# Unterschiede: Zeitformen der Vergangenheit



## herrkeinname

_1. He jugado al fútbol._

Kann mir jemand den Unterschied dieser Zeitform zu den folgenden erklären:

_2. Jugó al __fútbol.

3. Jugaba al __fútbol.

_Insbesondere geht es mir da um die Anwendungsfälle für *Preterito Perfecto Compuesto*.


----------



## hmbernalu

Yo he jugado al fútbol   *Pretérito Perfecto Compuesto (PPC)

*Yo jugué al fútbol         *Pretérito Perfecto Simple (PPS)
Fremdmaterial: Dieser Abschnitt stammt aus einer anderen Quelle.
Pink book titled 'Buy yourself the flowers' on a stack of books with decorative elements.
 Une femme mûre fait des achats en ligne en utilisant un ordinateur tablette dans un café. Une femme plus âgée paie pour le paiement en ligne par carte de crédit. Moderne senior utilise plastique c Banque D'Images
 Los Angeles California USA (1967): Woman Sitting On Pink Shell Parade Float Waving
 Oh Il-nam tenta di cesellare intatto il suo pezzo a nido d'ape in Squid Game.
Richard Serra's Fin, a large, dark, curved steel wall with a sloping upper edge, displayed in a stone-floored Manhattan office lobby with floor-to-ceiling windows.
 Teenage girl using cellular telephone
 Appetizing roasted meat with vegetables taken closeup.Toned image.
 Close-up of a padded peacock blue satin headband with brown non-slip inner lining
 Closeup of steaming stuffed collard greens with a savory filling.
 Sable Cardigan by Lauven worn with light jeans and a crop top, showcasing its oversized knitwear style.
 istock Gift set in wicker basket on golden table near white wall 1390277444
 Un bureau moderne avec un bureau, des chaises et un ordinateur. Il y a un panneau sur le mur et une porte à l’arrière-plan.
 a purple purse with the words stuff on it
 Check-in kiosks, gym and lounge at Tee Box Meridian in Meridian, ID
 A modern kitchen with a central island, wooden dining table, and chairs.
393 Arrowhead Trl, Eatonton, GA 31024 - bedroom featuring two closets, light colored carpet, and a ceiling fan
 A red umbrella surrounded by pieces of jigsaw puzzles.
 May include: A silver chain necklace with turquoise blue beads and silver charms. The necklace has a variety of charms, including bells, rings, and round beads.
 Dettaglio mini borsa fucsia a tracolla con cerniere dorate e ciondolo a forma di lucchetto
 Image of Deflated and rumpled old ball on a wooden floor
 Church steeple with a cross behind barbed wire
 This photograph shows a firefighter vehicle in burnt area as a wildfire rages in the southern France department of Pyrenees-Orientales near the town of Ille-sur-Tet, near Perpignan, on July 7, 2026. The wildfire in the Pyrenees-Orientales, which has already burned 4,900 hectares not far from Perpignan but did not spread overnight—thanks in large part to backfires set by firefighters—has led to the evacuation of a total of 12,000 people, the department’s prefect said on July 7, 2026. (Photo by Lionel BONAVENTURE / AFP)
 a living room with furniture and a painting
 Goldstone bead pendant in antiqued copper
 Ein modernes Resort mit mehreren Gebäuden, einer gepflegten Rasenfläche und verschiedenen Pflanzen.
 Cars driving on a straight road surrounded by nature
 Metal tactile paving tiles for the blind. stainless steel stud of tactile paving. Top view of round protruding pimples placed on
*Yo jugaba al fútbol        *Pretérito Imperfecto (PI)*

Ich meine, PPC und PPS sind gleich, wie das Perfekt auf Deutsch. In Lateinamerika benutzen wir PPS während in Spanien ist üblich PPC. PI hat ein anderen Gebrauch:
http://www.escuelai.com/gramatica/preterito-imper.html


----------



## herrkeinname

hmbernalu said:


> Yo he jugado al fútbol   *Pretérito Perfecto Compuesto (PPC)
> 
> *Yo jugué al fútbol         *Pretérito Perfecto Simple (PPS)
> 
> *Yo jugaba al fútbol        *Pretérito Imperfecto (PI)*
> 
> Ich meine, PPC und PPS sind gleich, wie das Perfekt auf Deutsch. In Lateinamerika benutzen wir PPS während in Spanien ist üblich PPC. PI hat ein anderen Gebrauch:
> http://www.escuelai.com/gramatica/preterito-imper.html



Können *PPS *und *PPC *austauschbar, also in gleichen Fällen, verwendet werden? Habe ich das richtig verstanden?


----------



## hmbernalu

Genau. Allerdings, wenn du über etwas weit weg in der Zeit (vor vielen Jahren) sprichst, verwendest du PPS


----------



## herrkeinname

El an'o pasado _empecé el curso de Espan'ol. bedeutet dasselbe wie El an'o pasado he empezado el curso de Espan'ol. ? stimmt das?
_


----------



## capials

Für *ñ* Alt +0241. Zweiter Satz: Ich studiere noch immer .Erster Satz : könnte  sein : nicht mehr.Ich kann mich irren.¿ Warum hätte *man: Unterschiede in den Zeitformen der Vergangenheit ?
*


----------



## herrkeinname

hmbernalu behauptete, es gebe keinen Unterschied zwischen den beiden Formen. Daher wollte ich an dem Beispiel sehen, ob die Behauptung zutrifft.


----------



## elcamarero

Hallo! 

Der Unterschied ist, dass der PPS etwas sagt über eine abgeschlossene Zeit, eine Zeit die keinen Einfluss mehr hat auf die Gegenwart, während PPC schon. Es hängt davon ab, was der Sprecher zum Ausdruck bringen will. 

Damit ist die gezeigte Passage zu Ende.